#### [Material provided]
|---|

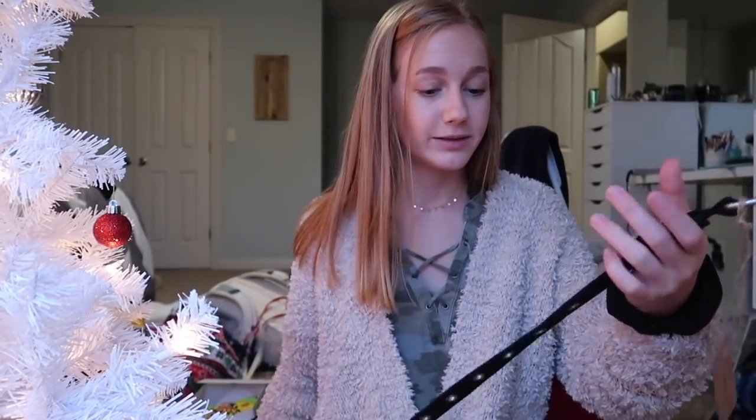That is the end of my Brandy Melville haul. I'm really happy with everything that I got and I'm excited to actually wear these things. I know I didn't get clothes, but at some point I will. I got all of this stuff for like the price of one shirt. Thank you guys so much for watching — I love you guys so much. Hopefully you liked this video even though it wasn't a vlog. Don't forget to like and subscribe, and I will see you guys in my next video. Bye!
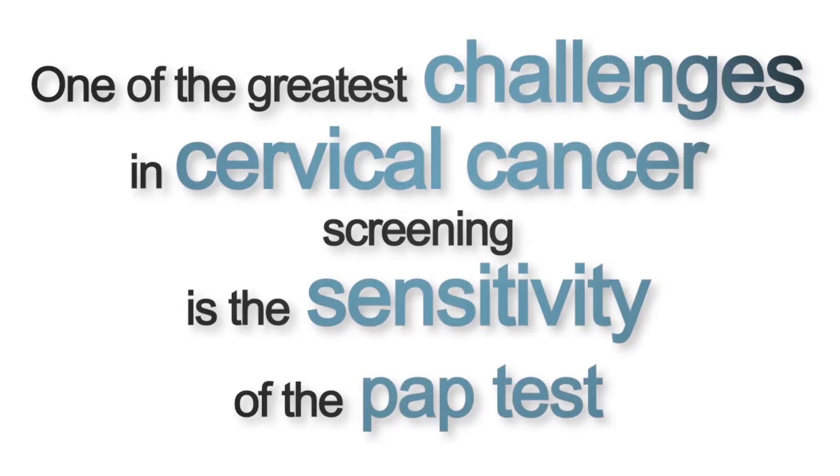One of the greatest challenges in cervical cancer screening is the sensitivity of the Pap test. When used alone, the Pap test has relatively low sensitivity, which means there may be false negative rates even when high-grade squamous dysplasia or cervical cancer is present.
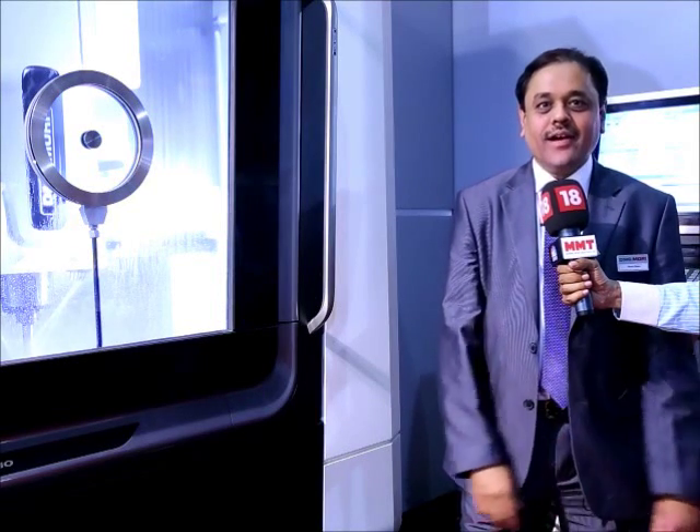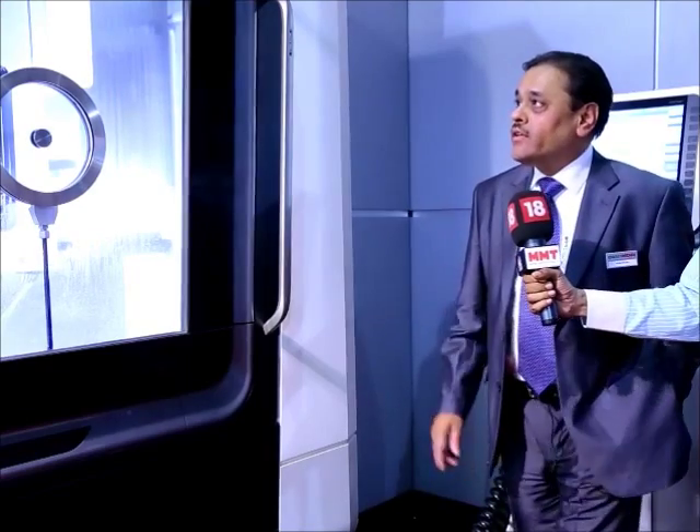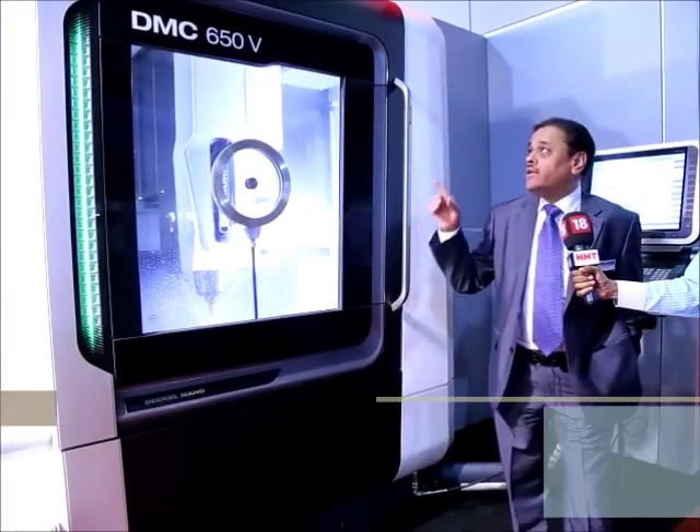I am happy to be here at this Tagma Show of Die Mold 2014. I am the Managing Director for this company, my name is Ranjit. I would love to introduce you to this new product of DMG MORI — this is the DMC 650V, which is manufactured in Germany.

|---|

#### [Directions]
Your reply should hold every line of the material, unaltered, and not one picture.

#### [Worked solution]
That is the end of my Brandy Melville haul. I'm really happy with everything that I got and I'm excited to actually wear these things. I know I didn't get clothes, but at some point I will. I got all of this stuff for like the price of one shirt. Thank you guys so much for watching — I love you guys so much. Hopefully you liked this video even though it wasn't a vlog. Don't forget to like and subscribe, and I will see you guys in my next video. Bye!
One of the greatest challenges in cervical cancer screening is the sensitivity of the Pap test. When used alone, the Pap test has relatively low sensitivity, which means there may be false negative rates even when high-grade squamous dysplasia or cervical cancer is present.
I am happy to be here at this Tagma Show of Die Mold 2014. I am the Managing Director for this company, my name is Ranjit. I would love to introduce you to this new product of DMG MORI — this is the DMC 650V, which is manufactured in Germany.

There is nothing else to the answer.